By Shawna O’Neill
RIOT—Ryerson’s comedy group—has got everything: parodies, musical comedy, and plenty of weird stuff, and they’re holding one last show of the year on March 29 and 30 following two sold-out performances.
The group of students will be including several random scenes, ranging from different comedic media, strung together in RIOT 69: Through the Ages—the show they’ve been preparing since September.
Each cast member created numerous sketches and then presented them in groups on a bi-weekly basis. Last month, every troupe member chose their best scripts and then there was a vote to determine which sketches were the funniest. The chosen sketches will be included in the upcoming show.
Each included scene can range from ten seconds to five minutes long and will involve four to ten characters. The show has no specific theme aside from celebrating the troupe’s 69 years of existence.
“I really like being in this group,” said Barbara Marshall, a biomedical science student. “I’m in science all of the time and it gets kind of ‘gucky’ almost — you kind of just use one side of your brain. This club has really opened my mind, like how complicated directing things are and bringing something to life. It’s just such a learning curve.”

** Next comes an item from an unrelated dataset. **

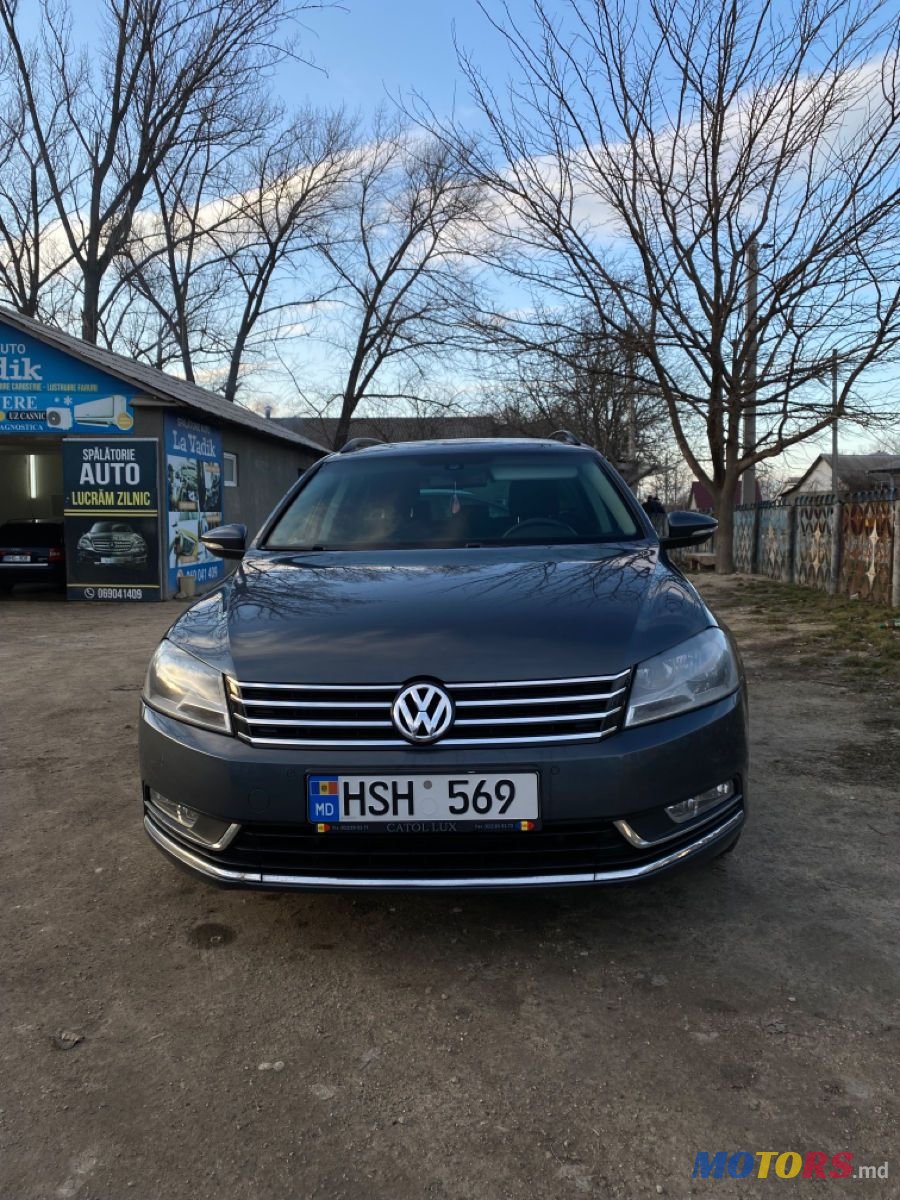 2011' Volkswagen Passat photo #6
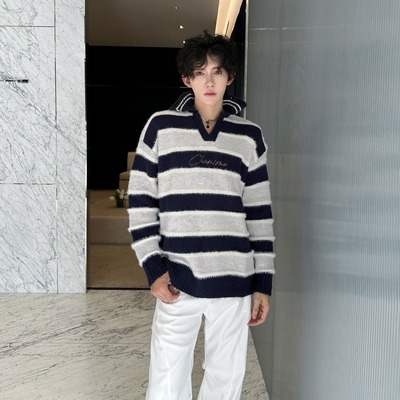 美式复古条纹刺绣款毛衣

Marshall started her comedic journey about a year ago, taking a stand-up class at The Second City and then participating in open mic events over the summer. She was recruited into RIOT this past fall after attending the competitive, annual audition for the troupe. She was one of three selected to join the intimate cast and friend group.
“It is a great place to meet people,” said Ben Christensen, a creative industries student and cast member. “(From) the troupe last year, I think five of the people on the troupe now are my roommates. We all met in RIOT and we have a little RIOT house now,” said Christensen.
“Their house is like Hogwarts on acid,” added Marshall.
With the biggest show of the school year approaching, the producers and comedians are adding weekend rehearsals on top of their weekly meetings. When comparing this show to their most recent two shows, this performance is a culmination of tireless hours of preparation.
“This one is way more work,” said Julianna Romanyk, the assistant producer of the show and a media production student. “The venue is more than double the size and we’ve been writing sketches since September. We’re spending a whole month just rehearsing the sketches, buying props and costumes and figuring out what order the show can be in.